Consequently, the East Village artists did not actually make pure conceptual art, but neither did they move away from conceptuality. They emphasised forms that had a conceptual feeling, but in reality leaned more towards emphasising the live presence and experience of the body, and art actions as an individual response to local reality. This change of direction was probably instinctive for some of the East Village artists, because during live performances, the body often experiences things that transcend the concept and could not be anticipated in advance. At the same time, live performance art must have an element of spontaneity

In ‘Trampling Faces’, Cang Xin reproduced numerous identical plaster masks of his own face, laid them out on the floor and then let the audience walk on them, crushing them all to pieces. This performance combined various forms including site-specific installation, audience participation and conceptual art, the original concept being a symbolic criticism of the enforced uniformity of industrialised society and the mass reproduction of culture. Even though the form had been decided in advance, many non-conceptual parts of this work, such as the live experiential quality, the audience’s spontaneous reactions, and the unique spiritual sense of the work actually surpassed the concept when the work was realised. It is these non-conceptual parts that became the main orientation of Cang Xin’s later performance work.

In the ‘Masks’ series, the symbolism of the masks was originally the core concept of this work, but in practice what made this work interesting was not the concept of the masks, but the action of trampling them. The action of trampling not only emphasised a sense of physical contact in performance art, but there was also a spiritual quality about the feet coming into contact with the masks. This live, symbolic form of communication had something mystical about it, a collision of souls brought about through the medium of the masks, and this is an essential quality of Oriental art.

Cang Xin’s East Village period was in fact similar to the other artists in the community. Because of the influence of conceptual art, their works prior to realisation emphasised a holistic form established by conceptual thinking, but at the stage of realisation, all inevitably turned towards the methods of audience participation and spontaneous reactions.

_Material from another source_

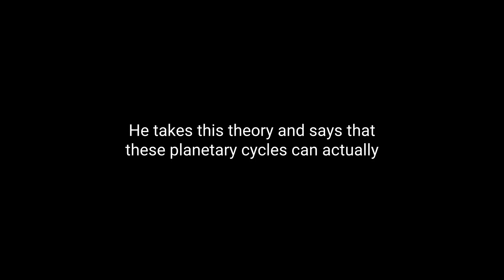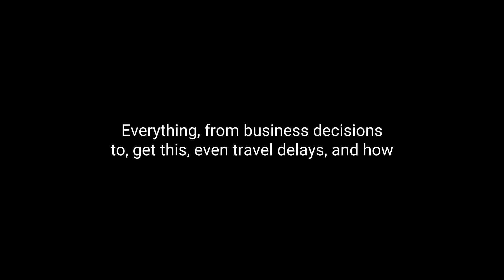For sure, yeah. And you know what? Evans doesn't stop at just the stock market. Oh, really? Yeah. He takes this theory and says that these planetary cycles can actually impact all sorts of human behavior. Like what? Like everything, from business decisions to, get this, even travel delays, and how many customers he gets in his own cafes.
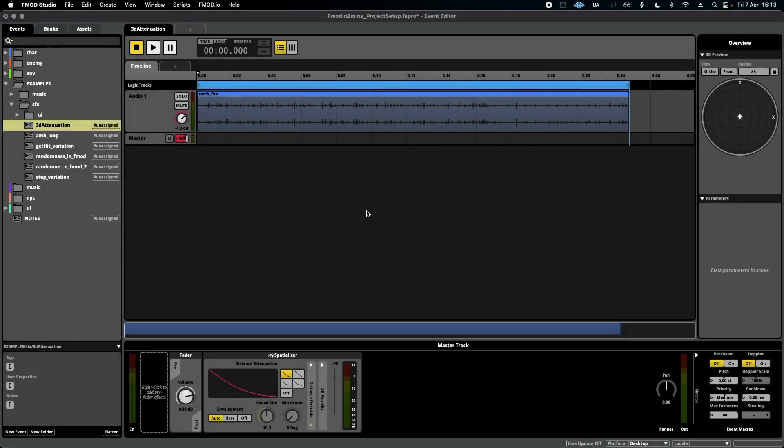Hello, welcome to FMOD in Two Minutes, the series for beginners in game audio implementation. Today we're talking about max instances. Now I have my torch ambience here again.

By the late 1990s, however, he was no longer just conceiving corresponding forms according to concepts, but had started to look more consciously for an Oriental quality in his concepts, and was paying more attention to creating improvised experiences in his live performance. Through physical contact, interaction with participants and concepts informed by shamanism, he arrived at a kind of individual vision of experienced reality.

The masks cast from Cang Xin’s own face lay in a neat and orderly arrangement under the audience’s feet, and induced a feeling of nervous tension in the people who walked over them. This kind of interactive ritual became the basic method of Cang Xin’s later performance art works, a method that emphasises bodily experience and breaking through the boundaries of communication with others.


Licking: Making Contact with Kindred Souls

Cang Xin’s sensitivity to the tip of the tongue seems to be part of his nature. This could be because of his Manchurian background and exposure to the shamanist religious practices of northeast China. Cang Xin began using his tongue to lick various objects as early as 1996, and since then has licked a myriad objects, a virtual encyclopaedia of the things that exist in his world.

He has licked books, cups, carved seals, exhibition catalogues, paper money, cameras, light bulbs, bricks, shoes, even portraits of Sartre and Nietzsche, not to mention the Great Wall, the Forbidden City and the ground in Oslo, Norway. During a performance in Oslo, he also interacted on-site with a Norwegian woman by touching tongues with her. Cang Xin refers to these actions as ‘contacts’ or ‘communications’.

The act of licking has a strong sense of ritualised action, which can be seen as coming from the formal influence of conceptual art. Later, Cang Xin paid less and less attention to forms created from concepts, and the forms of his work became more like altered personal rituals related to shamanism. Within his personal appropriation of modern artistic ceremony, Cang Xin emphasises Oriental concepts such as ‘all the ten thousand things have souls’, as well as the vehicle of ‘licking’, an action with a strong physical and tactile quality. He has abandoned the Platonic ideals that form the philosophical base of Western conceptual art, and is searching for the conceptual basis of a performance art that takes pushing the limits of bodily experience as its basic artistic method.

CangXinArt-Communication-Series-IV-009-120x120cm-80x80cm-2001-london-120x120cm-2001-Cang-Xin

Licking

The ‘Licking’ series was also where Cang Xin officially began to engage and experiment with the mystic spirituality of shamanist culture, and the idea of spiritual communication between the ‘ten thousand things’. His closeness to shamanism in fact originates from his unconscious search for his Manchurian roots, and it seems that during the gradually realised process of the ‘Licking’ series, the desire to return to the roots of his individual self grew in his heart. Although Cang Xin’s ‘Licking’ series still presents itself as modern art, it has in fact already started to become more of a rational mysticism, and the works seem more and more like a re-visitation, through art, of Oriental concepts of the soul.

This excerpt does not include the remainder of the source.